In the US, 80% of girls have been on a diet by the time they’re 10 years old.
In this honest, raw talk, neuroscientist Sandra Aamodt uses her personal story to frame an important lesson about how our brains manage our bodies, as she explores the science behind why dieting not only doesn’t work, but is likely to do more harm than good. She suggests ideas for how to live a less diet-obsessed life, intuitively.
Yo-Yo dieting refers to a situation in which somebody repeatedly loses weight through dieting and then regains the weight that he or she has lost.
Fad dieting refers to a reducing diet that enjoys temporary popularity. Usually promoted in magazines and other forms of social media and are often supported by celebrities.
Characteristics of a Fad Diet
Typically, a fad diet shares some, or all, of the following characteristics:
• Promises a quick fix • Promotes ‘magic’ foods or combinations of foods • Implies that food can change body chemistry • Excludes or severely restricts food groups or nutrients, such as carbohydrates • Has rigid rules that focus on weight loss • Makes claims based on a single study or testimonials only.
• Promises a quick fix
• Promotes ‘magic’ foods or combinations of foods
• Implies that food can change body chemistry
• Excludes or severely restricts food groups or nutrients, such as carbohydrates
• Has rigid rules that focus on weight loss
• Makes claims based on a single study or testimonials only.
What many dieters are unaware of is that these forms of dieting come with an increased risk of many health problems. Some of these health problems include; increased risk for heart disease, cancer and diabetes; damage to arteries; less energy; muscle wasting; and higher levels of body fat.
Increased Risk Factor For Disease
Extreme calorie restriction, which is a common practice among yo-yo and fad dieters, can increase cortisol which is a stress hormone. When this hormone is present in your body over long periods of time, it can have many negative health effects. In fact, it can even increase your risk of developing heart disease, cancer and diabetes. Dieting in this manner can also damage arteries and cause an increase in LDL cholesterol, both of which increase the risk of heart disease.
Vitamin and Mineral Deficiencies
The lack of variety in these diets often means that an individual will not be consuming enough types of food and therefore an individual may develop a deficiency in a certain or many vitamins and minerals. Each deficiency has it’s own individual health risks but each one is detrimental to your health and how your body functions.
Lowered Muscle and an Increase in Fat
While yo-yo and fad dieting may initially promote fat loss, in the long term you will likely regain that fat and more. In addition, low-calorie diets lead to muscle wasting, which means once you get back to your normal eating habits, you’ll be left with a physique that lacks muscle and carries excess fat. These types of diets are generally really restrictive and hard to follow and can in turn lead to binges and then unhealthy eating after you end the diet. Fat cells can shrink when you loose weight, however the number of fat cells your body has cannot decrease. Therefore it is healthier to stay at a stable healthy weight than Binge and Purge as this can lead to an increase in the number of fat cells. Excess body fat can have negative health consequences, including the onset of chronic diseases such as coronary artery disease and Type 2 diabetes.
Lack of Energy
Yo-yo and fad dieting slows down your metabolism, which can lead to low energy levels. When the body doesn’t have the necessary calories to function, it makes adjustments. These adjustments can mean limited brain function, tiredness, fatigue and irritability.

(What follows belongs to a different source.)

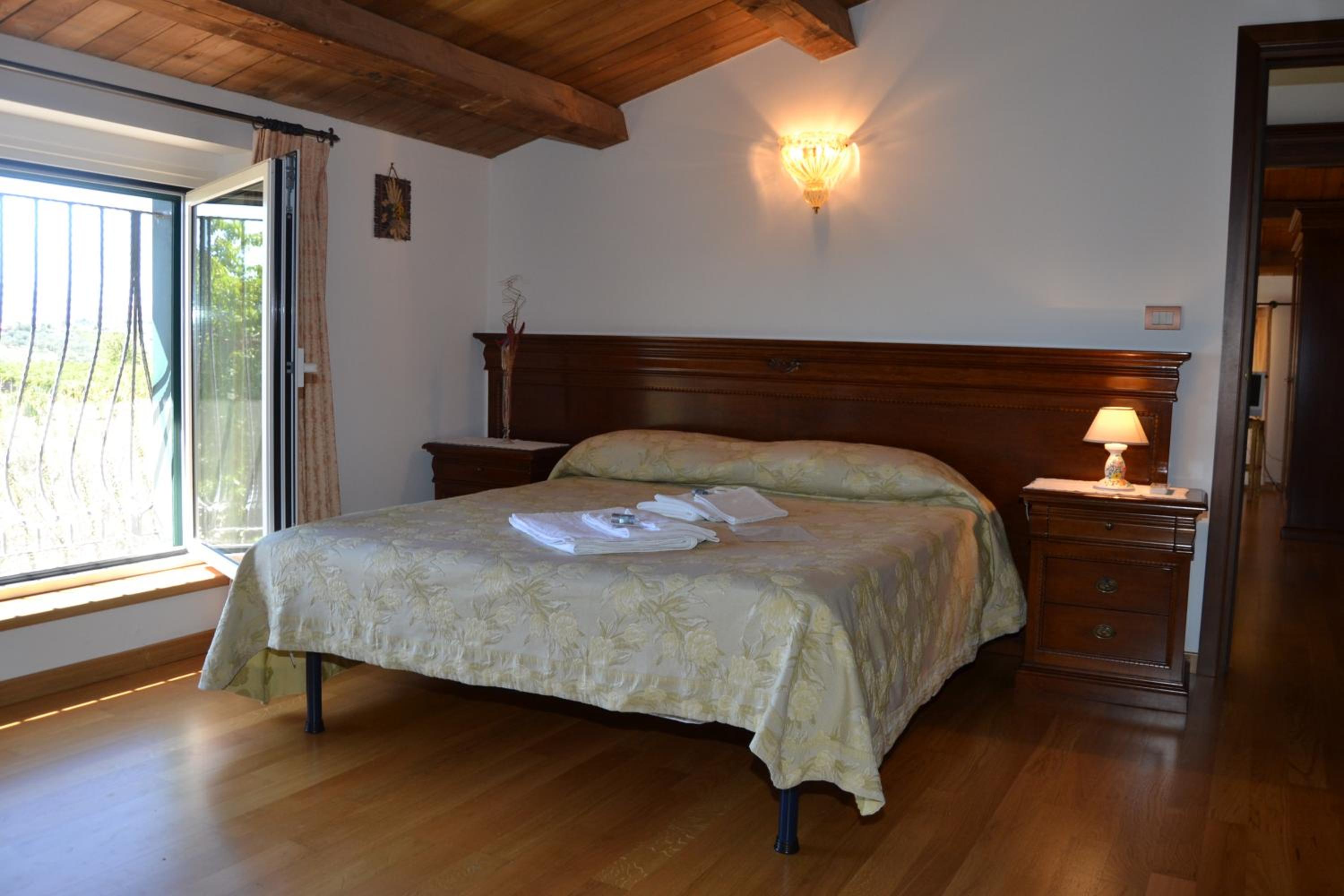 Deluxe Double Room photo 3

A Healthier Approach to Weight Loss
A much healthier, safer and more permanent approach to weight loss is to slowly and consistently lose weight over a longer period of time. You should not attempt to lose more than 0.5 – 1kg per week. Consume a balanced healthy diet, see a dietitian for a specific plan and also pair you healthy eating with physical activity. Remember there is no quick fix, consistency and persistence is the key.